Language learning tip #4
Think of learning a language a bit like climbing a mountain: a tall but not-too-steep mountain, one that someone of any fitness level can climb as long as they don’t give up. The first part is the hardest: it’s all just cloud cover, fog, bad weather, and slog. Somewhere between CEFR levels A2 and B1* there’s a moment you break through to sunshine and finally see the amazing vistas that only learning another language can give you.
This is what most teachers won’t tell you: when you’re learning your first foreign language, it will take approximately 600 hours of study and practice to reach intermediate (B1) level. So if your class only meets for an hour a week and you don’t do any studying or practice beyond that, it can take 15 years to reach that level! (And that’s assuming that you remember everything you learn during those hourly classes, which is extremely unlikely.) This is why many students suffer “language shock” when they visit a foreign country for the first time and discover that, despite months or even years of casual study, they can barely order in a restaurant, much less carry on a conversation.
On the other hand, if you dive into full-time language study, with 40 hours a week, you’ll reach 600 study hours in just 15 weeks – less than four months!
Of course, these are just estimates and guidelines, but as you can see, the amount of study time has a direct and substantial impact on how long it might take you to arrive at level B1. Realistically, you’ll want to aim for something between one and 40 hours a week and then do the math from there to see approximately how long it might take you to arrive at that level.

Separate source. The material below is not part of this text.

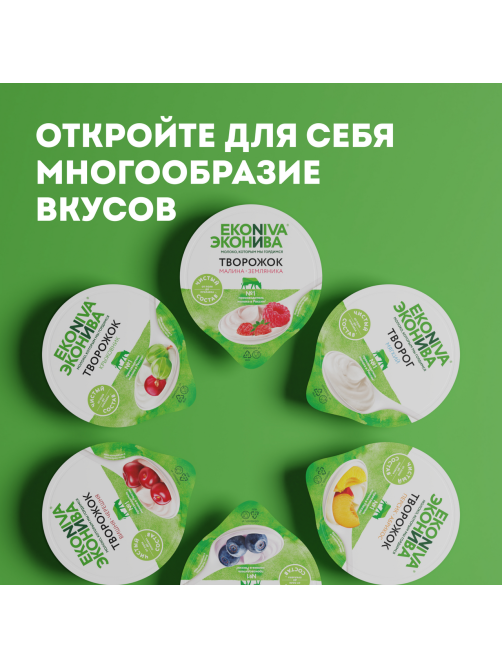 Творожок Эконива с малиной и земляникой 5%, 125г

And remember that you’ll need to double that estimate for “near-native speaker” level C2.
The Bottom Line
You need to be realistic about how much effort is required to reach whatever level of proficiency you’re after, and how much time you’re willing to put toward that objective. Understanding this when you start out will help prevent demotivation and frustration. Learning a language like Spanish is more a matter of racking up study hours than anything else. Your native ability is secondary. Yes, some people will learn faster or slower but given enough time, everyone can become fluent. Language learning isn’t hard, per se, but it takes a lot of time, whether or not you have a “knack” for languages. There’s a massive amount to learn, and you need to be in the mindset of climbing a mountain or running a marathon, rather than sprinting. Knowing what to expect is a vital part of managing your own expectations so that you don’t sabotage your learning with self-deprecating stories about your capabilities (see Language learning myths).